As part of this assignment you must construct, interpret both graphically and quantitatively,


As part of this assignment you must construct, interpret both graphically and quantitatively, at least one categorical x categorical interaction, one categorical x continuous interaction, one continuous x continuous interaction, and one additional interaction of any kind.  Note that you have to provide your reasoning as to why the two variables might interact but the interaction does not have to be statistically significant.  Some of the data sets may have significant interactions and others might not.  For all questions, you have to do whatever preliminary work is required to do the analysis you plan, then construct the model, then do enough diagnostic work to satisfy that your model is appropriate (i.e., CLINE for linear regression).  Please note that you may have a satisfactory-looking model that, for example, doesn’t do perfectly on all the diagnostics.  That’s OK and is part of the learning process.  For example, suppose you do a linktest (as you should) and hat is significant, indicating your model contains important predictors but hat_squared is also significant, meaning you are missing important variables.  You should certainly address this but, in the end, you might not be sure what other variables to try and just explain that your model is good but still missing important information.  



1. The data set  school_quality contains data that predicts school quality.  The outcome variable for this question is whether a school is considered high quality or not and your job is to construct an appropriate model that best predicts whether or not a school is high quality.


2.  The data set exercise.dta contains a subset of a bigger data set relating exercise to weight loss.  The issue of physical and mental health has, if anything, come more to the forefront during the Covid-19 pandemic than at any other time.  The data set is fairly self-explanatory.  People were assigned to jogging or power-walking (their preference), swimming or no specific exercise program.  All subjects were given teaching on the importance of exercise to health.  Use the data to construct a model predicting pounds lost.

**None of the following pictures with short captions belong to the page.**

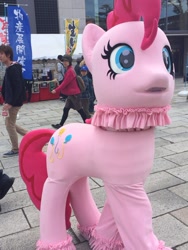 Size: 600x799 | Tagged: safe, imported from derpibooru, pinkie pie, irl, japan, japanese pinkie pie costume, photo
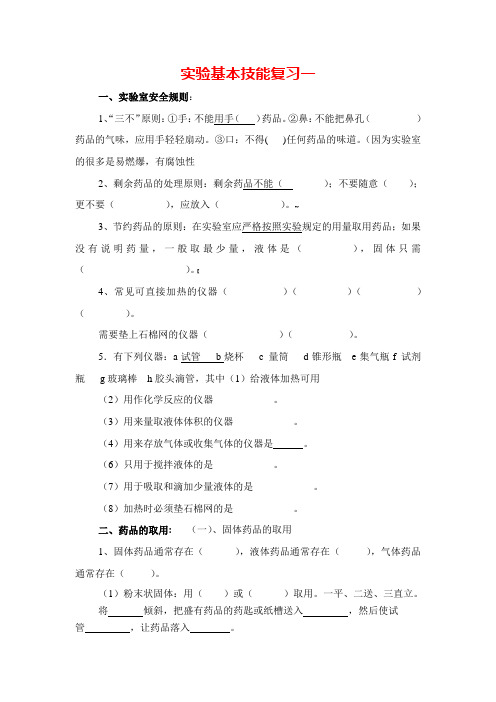 鲁教版(五四)化学八年级《化学实验基本技能训练一》练习题题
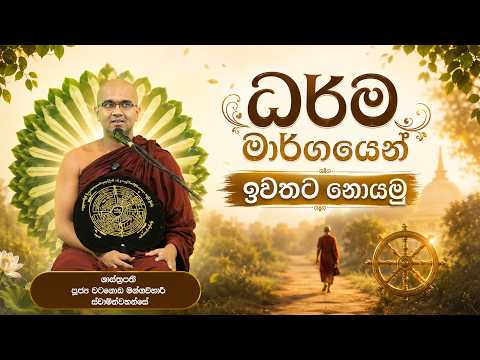 ධර්ම මාර්ගයෙන් ඉවතට නොයමු | ශාස්ත්‍රපති පූජ්‍ය වටගොඩ මග්ගවිහාරී ස්වාමින්වහන්සේ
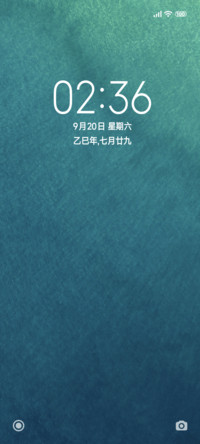 护眼纯绿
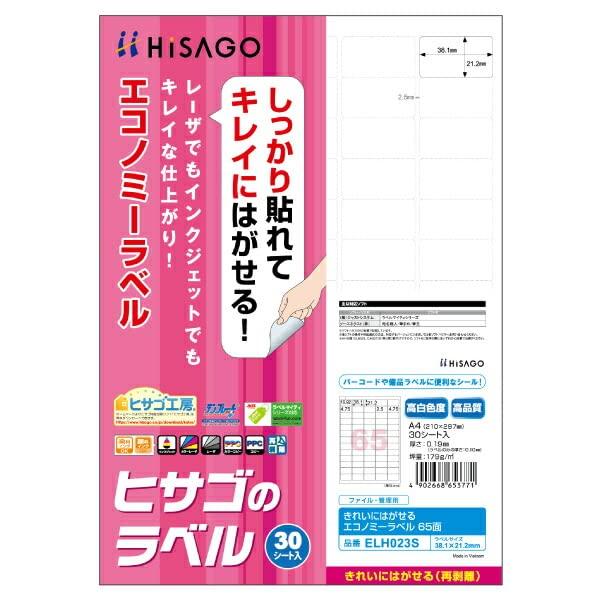 Hisago Clean-Peel Economy Labels A4 65 Sheets per Roll, 30 Rolls per Case ELH023S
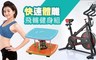 GTSTAR 5.7折! - 快速爆汗體雕飛輪組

3.  Conduct an appropriate analysis on the managers data set.  This was a situation where a large Western US state was trying to determine the optimum number of managers to run large water supply plants.  Keep in mind that the typical salary of one manager is in the six figures so budget constraints are, as usual, an issue.  Be sure to do all necessary preliminary work and then write-up your findings in a brief report.  


4.  Use the crime.dta data to construct a linear regression with crime as the outcome variable.


5.  Obtaining an adequate amount of essential minerals is always important, but even more so during pregnancy.  Zinc is considered a very important nutrient during pregnancy and a hypothesis exists that vegetarian women might not get adequate amounts of zinc (zinc is most plentiful in animal products, especially red meat and certain fish).  A study was done to examine this hypothesis.  In the data set zinc.dta, four groups were compared: pregnant vegetarians (group = 1), non-pregnant vegetarians (group = 2), pregnant non-vegetarians (group = 3), and non-pregnant non-vegetarians (group = 4).  Zinc levels (rounded) are given in µg/g of hair.  Note that in any question that refers to “required preliminary testing,” I am referring to, as well as you can, checking the assumptions of whatever hypothesis test you are thinking of using.

a)  Is there evidence that any group zinc level differs from any other?  Be sure to give your null and alternative hypotheses and do any required preliminary analyses.

b)  If there is evidence that at least one of these group zinc levels is significantly different than another, report all groups that are statistically different or not different and at what p-value.  Briefly interpret the overall findings.

c)  Suppose another research group reports that in a hypothesis test examining only non-pregnant vegetarians and non-pregnant non-vegetarians, a statistically significant result was obtained with a mean zinc difference of -30 μg/g (comparing the vegetarians to the non-vegetarians).  Is this study concordant with the data you have?  Should you use the results obtained for (b) to reply to these researchers or is there a better/simpler analysis you can do?  If you decide to use the information from (b), state what mean zinc difference value you report to these other researchers.  If you decide to do a different analysis, state Ho and Ha and do the analysis.  Give your conclusions.  

d)  Is there evidence that pregnancy itself may stress zinc levels?  Be sure to specify how you test this hypothesis.  Give the null hypothesis and whether you reject it.